= GIVEN MATERIAL =
▬▬▬

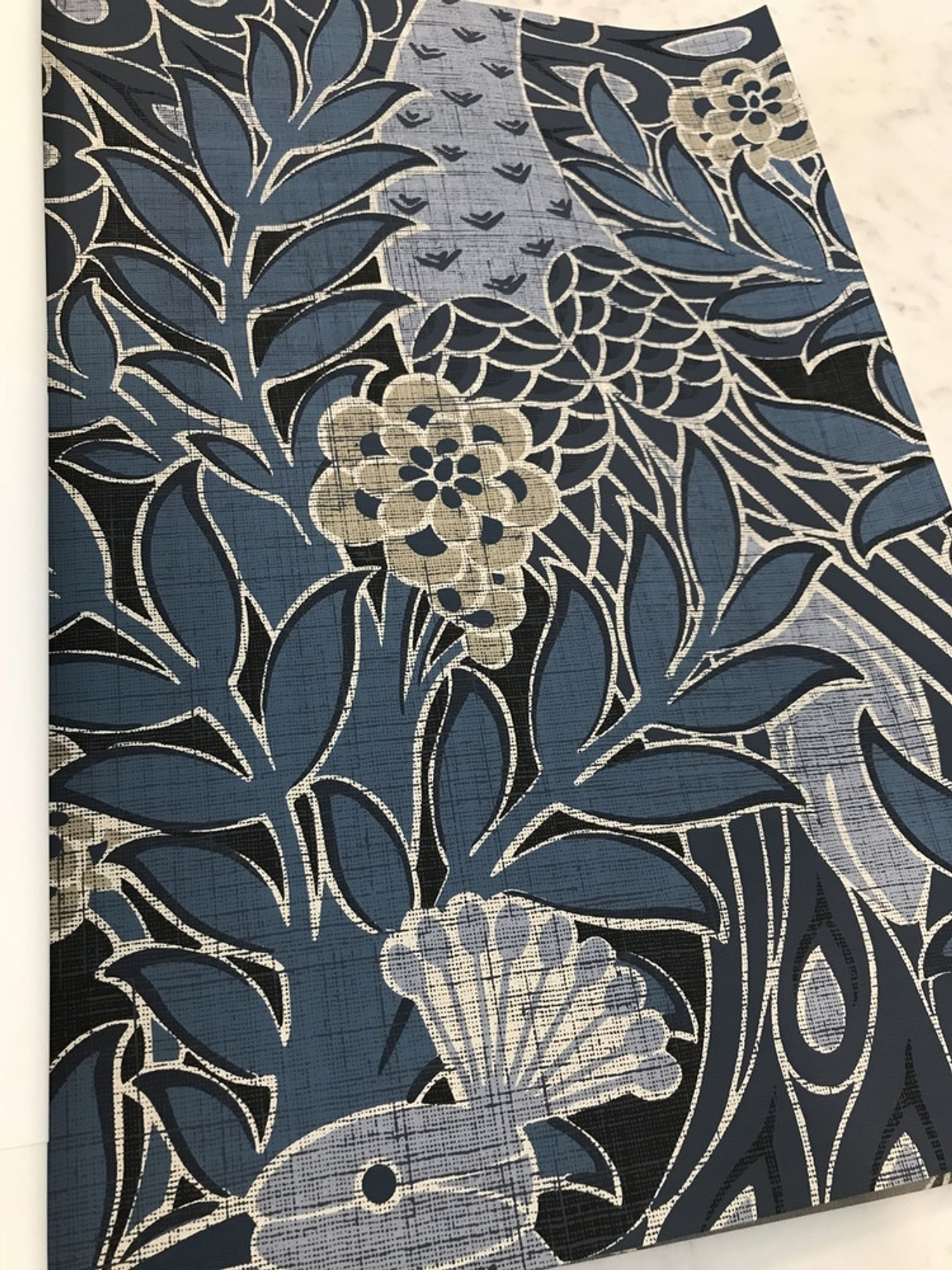 High Style Peacock Fern Linen Texture Wallpaper Navy Blue | Thibaut Desmond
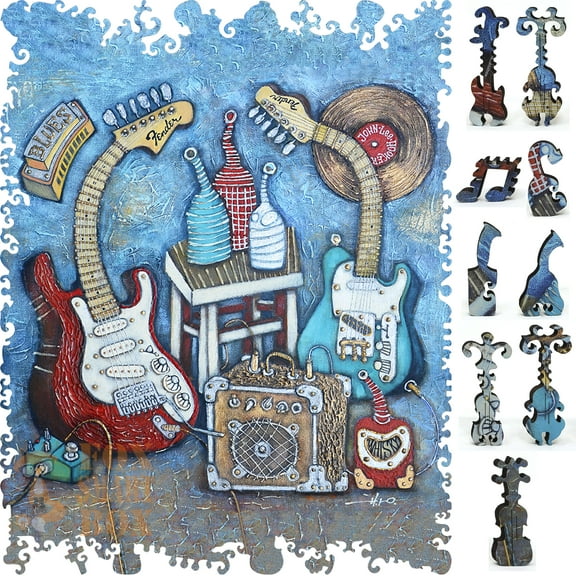 Wooden Jigsaw Puzzles for Adults - Uniquely Shaped Pieces - made in USA by FoxSmartBox - 212 Pieces - Blue Bottle Blues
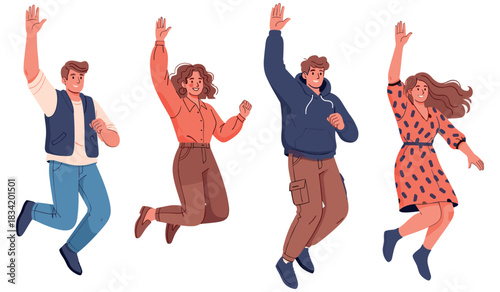 Diverse group of young adults jumping with joy and raised hands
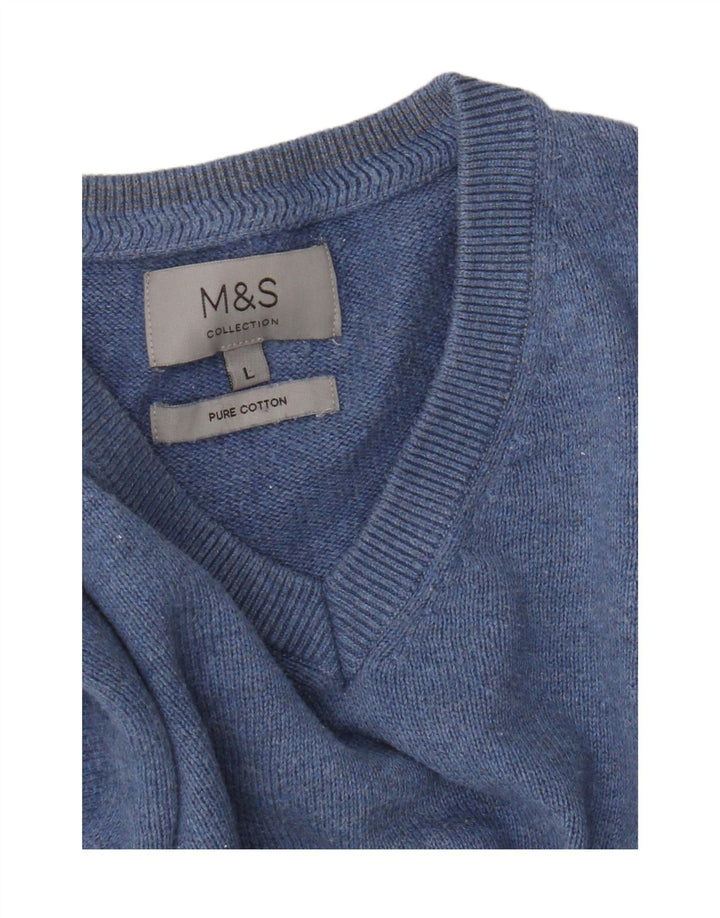 Suéter masculino Marks & Spencer com decote em V grande algodão azul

▬▬▬

Any images must be left out; transcribe the rest of the material exactly.

 High Style Peacock Fern Linen Texture Wallpaper Navy Blue | Thibaut Desmond
 Wooden Jigsaw Puzzles for Adults - Uniquely Shaped Pieces - made in USA by FoxSmartBox - 212 Pieces - Blue Bottle Blues
 Diverse group of young adults jumping with joy and raised hands
 Suéter masculino Marks & Spencer com decote em V grande algodão azul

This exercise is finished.